> WHAT YOU SHOULD DO
The full listing, copied exactly and free of pictures, is the expected reply.

------ THE DATA ------

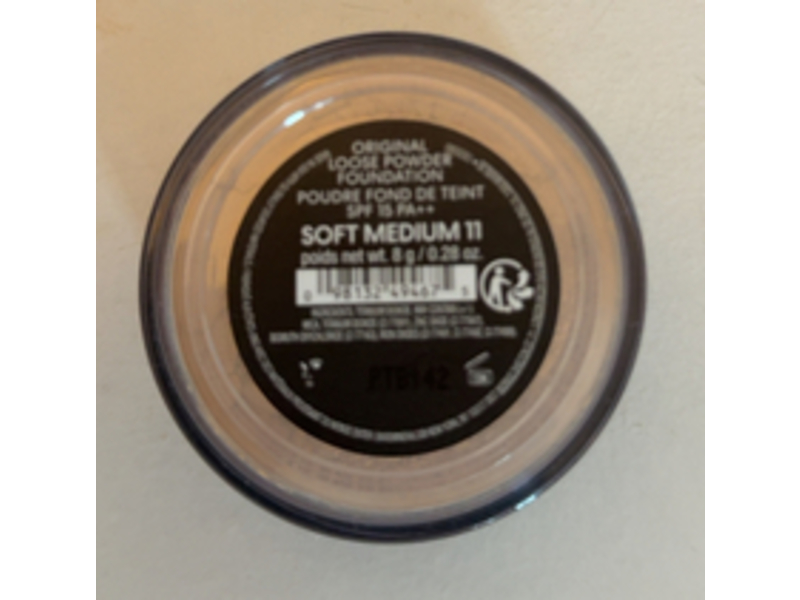 Bare Minerals Loose Powder Foundation, Soft Medium 11, SPF 15 PA ++, 0.28 oz/8 g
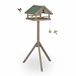 Relaxdays Vogelvoederhuisje op paal - 120 cm - hout - bruin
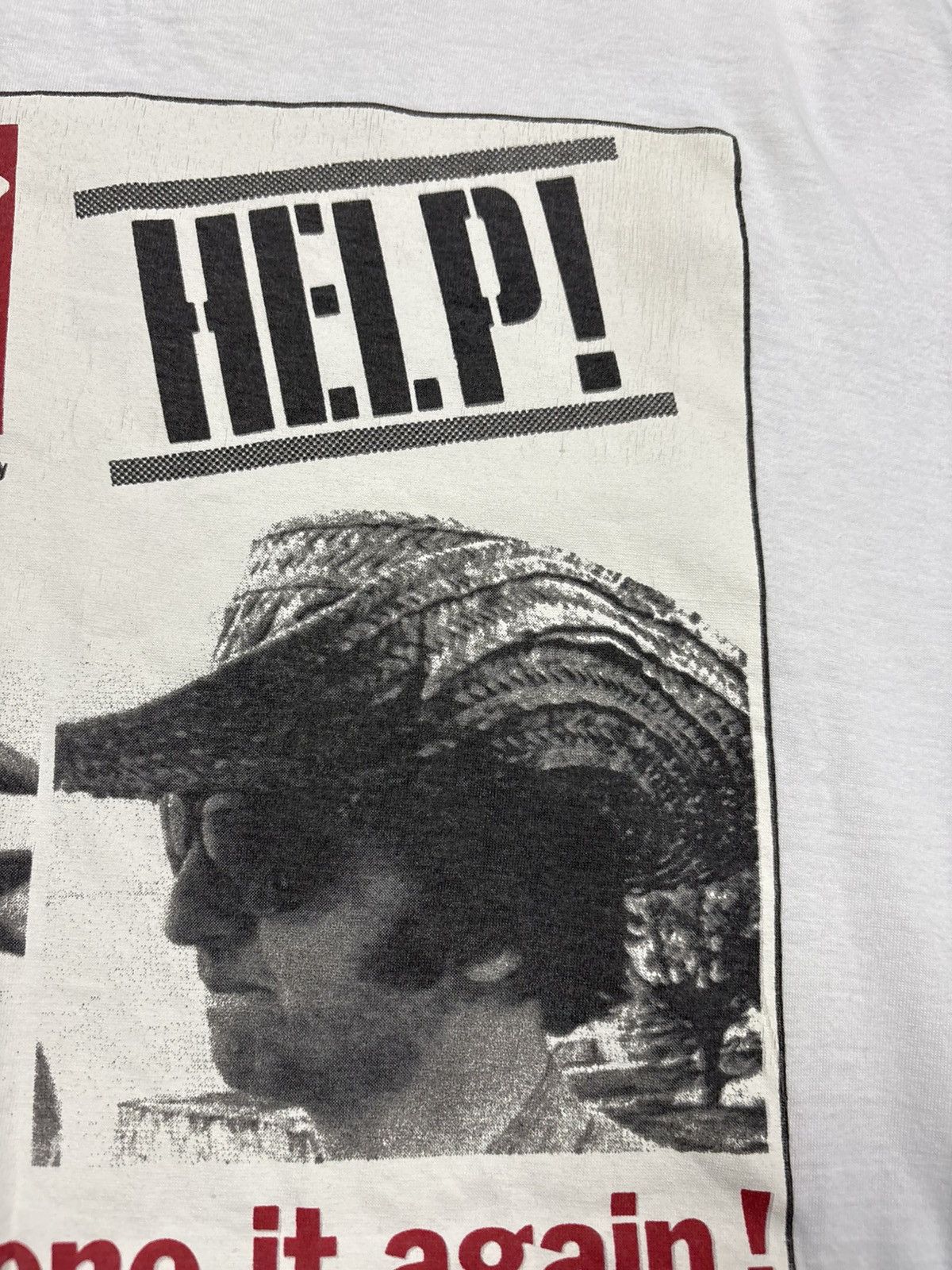 Band Tees Vintage 80s The Beatles Melody Maker Help Promo T-shirt Tour Size US XL / EU 56 / 4 - 9 Thumbnail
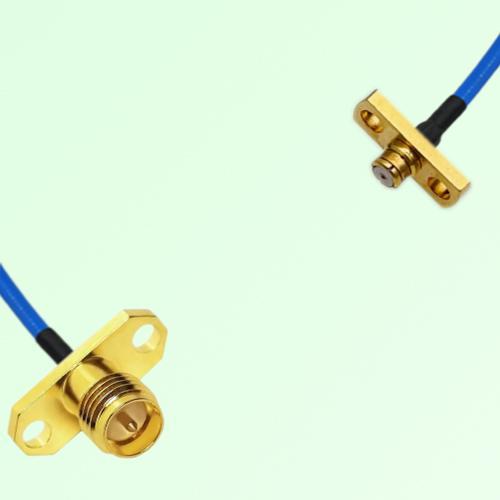Semi-Flexible Jumper SMP Female 2 Hole to RP SMA Female 2 Hole Semi-Flexible Jumper SMP Female 2 Hole to RP SMA Female 2 Hole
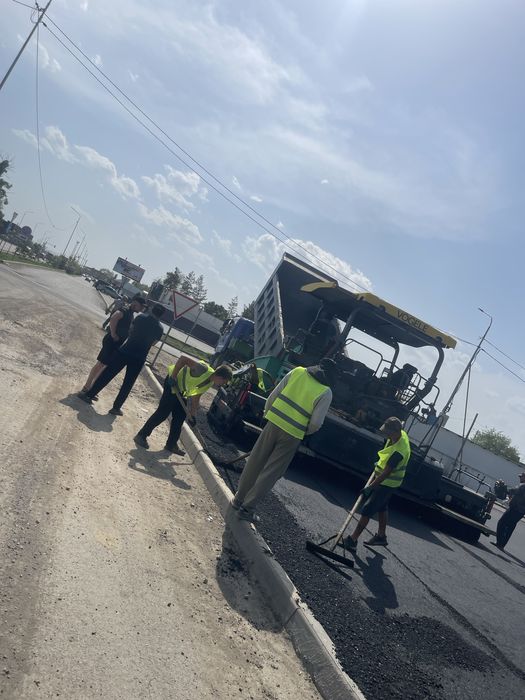 Асфальтирование . Укладка асфальта !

------

> ANSWER FOR THIS EXERCISE
 Bare Minerals Loose Powder Foundation, Soft Medium 11, SPF 15 PA ++, 0.28 oz/8 g
 Relaxdays Vogelvoederhuisje op paal - 120 cm - hout - bruin
 Band Tees Vintage 80s The Beatles Melody Maker Help Promo T-shirt Tour Size US XL / EU 56 / 4 - 9 Thumbnail
Semi-Flexible Jumper SMP Female 2 Hole to RP SMA Female 2 Hole Semi-Flexible Jumper SMP Female 2 Hole to RP SMA Female 2 Hole
 Асфальтирование . Укладка асфальта !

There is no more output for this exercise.